Pero también lo dijeron autoridades del último gobierno, y especialmente los que trabajan en las cárceles y en los barrios más carenciados. Hace tiempo que lo vienen diciendo y nadie escucha. Que los niños y jóvenes más pobres abandonan el sistema educativo para hacer plata fácil trabajando para el narcotráfico, que las cárceles se llenan de pobres casi analfabetos seducidos por el negocio de la droga, que las grandes organizaciones criminales son las que mandan en todos esos lados, que la bomba ya explotó hace rato. No lo dijeron una vez, lo dijeron cientos de veces. Claro, cuando se escuchó más fuerte fue la semana pasada, luego del atentado contra Ferrero. Ahí todos se acordaron. Se agarraban la cabeza cuando la fiscal Mirta Morales dijo en Radio Sarandí que hace años la sociedad uruguaya está quebrada y que los que trabajan en homicidios están acostumbrados a convivir con analfabetos que matan por unos gramos de droga y que después se suman en las cárceles a las peores organizaciones criminales del continente. “No nos escucharon”, se quejó una y otra vez la fiscal, con razón.

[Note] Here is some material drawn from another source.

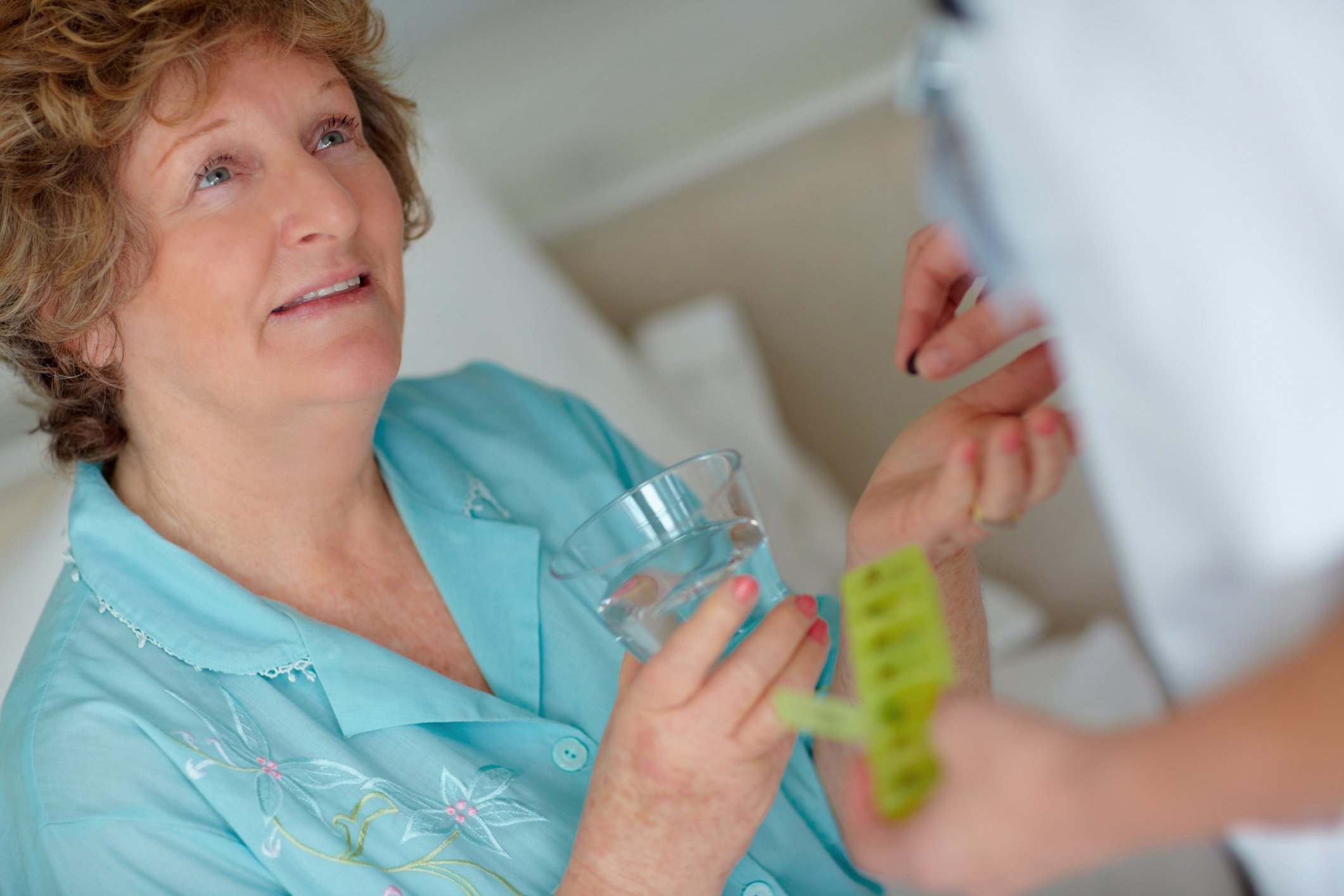 Senior woman receiving pill from doctor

¿Y hoy? ¿Cuánto queda realmente de lo que dijo la fiscal Morales? ¿Y de lo de Guarteche o Layera? ¿Qué está pasando en el Cerro Norte? ¿Y a dónde va todo ese dinero que circula alrededor del narcotráfico y la droga? ¿Se persigue realmente al lavado? ¿Cuánto se está haciendo para combatir ese flagelo que ha destruido a países enteros, algunos muy cercanos a Uruguay? ¿Hasta qué punto está dispuesto el sistema político a hacerlo?
La “guerra contra el narcotráfico” parece estar perdida, dijo hace meses el ministro del Interior, Carlos Negro, y generó una gran tormenta política. Muchos, especialmente de la oposición, lo criticaron por evaluar que esa es una forma de bajar los brazos. Pero lo que parece evidente es que, aunque todavía no esté perdida, así no se puede ganar. La batalla final implica ciertos cambios radicales que se hacen urgentes.
Hay uno que es imprescindible: una verdadera revolución educativa. Todos lo dicen y es probable que lo crean, pero nadie lo hace. Sin contar con esa base es imposible sacar a las nuevas generaciones, especialmente a las más pobres, de la tentación de los narcos. El segundo sería quitarles, además de a sus soldados, su principal negocio, eliminando la prohibición de todas las drogas, lo cual parece más lejano todavía porque supera a Uruguay, tenga el gobierno que tenga.
Entonces, capaz que lo primero que habría que hacer es asumir la realidad. Al menos darse cuenta de que ya llegamos tarde y de que se acabó el tiempo. Solo eso ya sería un gran comienzo.